1920: To assist Wimsey's recovery, Bunter found a modern flat in Piccadilly, the heart of fashionable London. The Dowager Duchess later tells Harriet that Bunter knew the recovery was under way when Wimsey "demanded" a sausage at breakfast (Busman's Honeymoon). As well as having a "small apartment" for photography and chemistry (Strong Poison) Bunter is paid £200 per year, a very good salary considering he has free board and lodging. When Wimsey later takes a job in an advertising agency (Murder Must Advertise) his starting salary is also £200 per annum.

1921: Master and man become involved in their first investigation, which concerned the Attenbury Jewels. This case is mentioned several times, but never discussed or described until The Attenbury Emeralds.

1921: The Vindictive story of the Footsteps that Ran (In Lord Peter views the Body, short stories published 1928).) Bunter assists a doctor friend of Wimsey with his photographic skills, then helps to solve the murder. The doctor invites Bunter to join them at lunch; Bunter refuses. "Bunter likes me to know my place. Terrorisin' sort of man, Bunter", says Lord Peter.

1922/3: The first major investigation is recorded in Whose Body? (published 1923).  Although playing a strong supporting part in the case, Bunter is also allowed to be a domestic tyrant:
'"Not in those trousers, my lord," said Mr Bunter, blocking the way to the door with deferential firmness.'
 
However, in this case the real relationship between Wimsey and Bunter is made clear, as are Bunter's sterling qualities as a servant and as an investigator. His superior standing with other servants is also displayed.

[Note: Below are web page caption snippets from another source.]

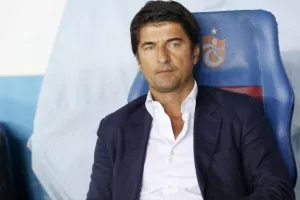 Κοιτάζει... και προς Γερμανία ο Ίβιτς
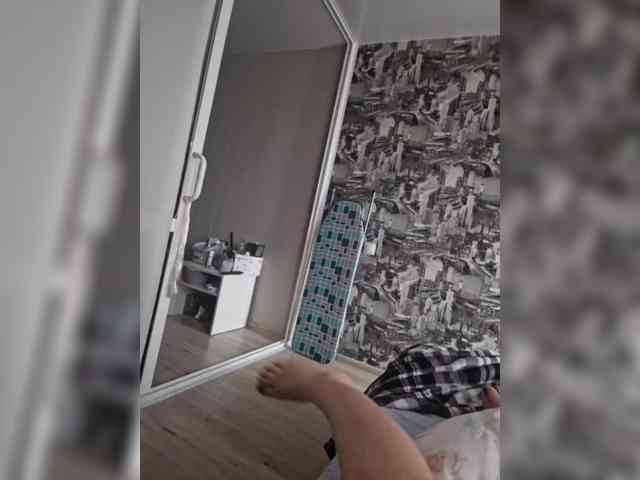 Kira183 webcam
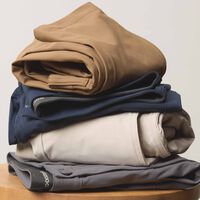 Dockers continúa rebajando sus pantalones y estos al 60% de descuento se van a convertir en nuestra próxima obsesión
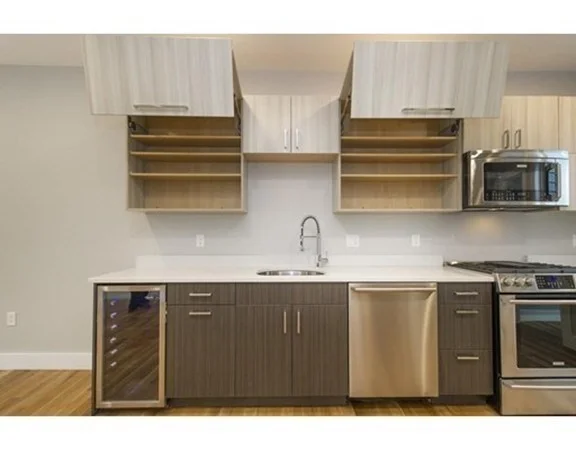 2 bed, 2 bath apartment for rent at 39 Gates Unit 3, South Boston — photo 4 of 25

1922/3 (November): Clouds of Witness (published 1926). As Lord Peter is 33, the action takes place in 1922, possibly 1923. Bunter is on holiday with his master and has sacrificed his "civilized habits" to allow Wimsey to go unwashed and unshaven, and had photographed scenery instead of fingerprints. On their return Lord Peter would casually refer to Bunter having had "a regular affair with an inn-keeper's daughter" and remark "He's an awfully susceptible old beggar. You'd never think it, would you?". It is Bunter who sees the newspaper items referring to the Duke's arrest, and they return by air (booked by Bunter) to Yorkshire. He has useful conversations with the maid, and a young lady at an inn. Wimsey strays into a bog, and Bunter saves his life. Bunter attends the trial of the Duke in Westminster Hall, and produces the ducal garb when the Duke is acquitted.

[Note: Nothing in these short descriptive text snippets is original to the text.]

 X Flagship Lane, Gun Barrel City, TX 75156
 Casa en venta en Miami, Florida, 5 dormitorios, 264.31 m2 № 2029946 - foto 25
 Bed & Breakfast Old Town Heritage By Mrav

c. 1923: The Abominable History of the Man with Copper Fingers (In Lord Peter Views the Body – short stories published 1928). Set in America where Bunter works in the background, undertaking necessary support work.

Sometime between 1923–1926 The Entertaining Episode of the Article in Question (In Lord Peter views the Body – short stories published 1928). Bunter takes photos of suspects in Paris using a small camera hidden in his breast pocket. On the boat back to England he develops the photos in the cabin. Wimsey begs to help and is given some crystals to dissolve in water – here follows an example of Bunter’s understated sarcasm:

"I say, Bunter, it's no end of a bore to dissolve."
"Yes, my lord", returned Bunter sedately, "I have always found that part of the process exceptionally tedious, my lord."
Lord Peter jabbed viciously with the glass rod.
"Just you wait", he said in a vindictive tone, "till we get to Waterloo".

Bunter helps to hold and disarm a female impersonator.

Sometime between 1923–1926: The Fascinating Problem of Uncle Meleager’s Will (In Lord Peter views the Body – short stories published 1928). Bunter helps Wimsey solve the crossword problem and find the missing will – "Bunter, I'd like to double your salary, but I suppose you'd take it as an insult."

Sometime between 1923–1926: The Unprincipled affair of the Practical Joker (In Lord Peter views the Body – short stories published 1928). Bunter stays at the hotel with Wimsey, but has no part in the story.

Sometime between 1923–1926: The Learned Adventure of the Dragon’s Head (In Lord Peter views the Body – short stories published 1928). Bunter assists in capturing burglars, but has no part in the finding of the treasure.
 
1927 Unnatural Death (published 1927) Bunter's photographic skills provide a vital clue to a double identity. He instructs Wimsey on how to dress as a newly married man, but remains the servant. Wimsey is relieved to find Bunter is human when he is given the slip by a lady he is tailing.

1928 The Unpleasantness at the Bellona Club (Published 1928) Standard Bunter – the superb servant, advisor on Lord Peter's clothes, photographer at crime scenes. Curiously, Wimsey refers to Bunter simply as his NCO during the war, and says that he, Wimsey, looked up Bunter after the war. This was because Bunter's old master had been killed and his family broken up.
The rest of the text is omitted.